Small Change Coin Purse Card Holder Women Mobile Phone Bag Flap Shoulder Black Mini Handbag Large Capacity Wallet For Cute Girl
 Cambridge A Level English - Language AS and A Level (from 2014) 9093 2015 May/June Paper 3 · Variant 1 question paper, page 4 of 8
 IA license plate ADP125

- ACTIVITY -
Write the "Cambridge A Level" line and all later lines exactly. Stop at the end of the data.

- REPLY -
 Cambridge A Level English - Language AS and A Level (from 2014) 9093 2015 May/June Paper 3 · Variant 1 question paper, page 4 of 8
 IA license plate ADP125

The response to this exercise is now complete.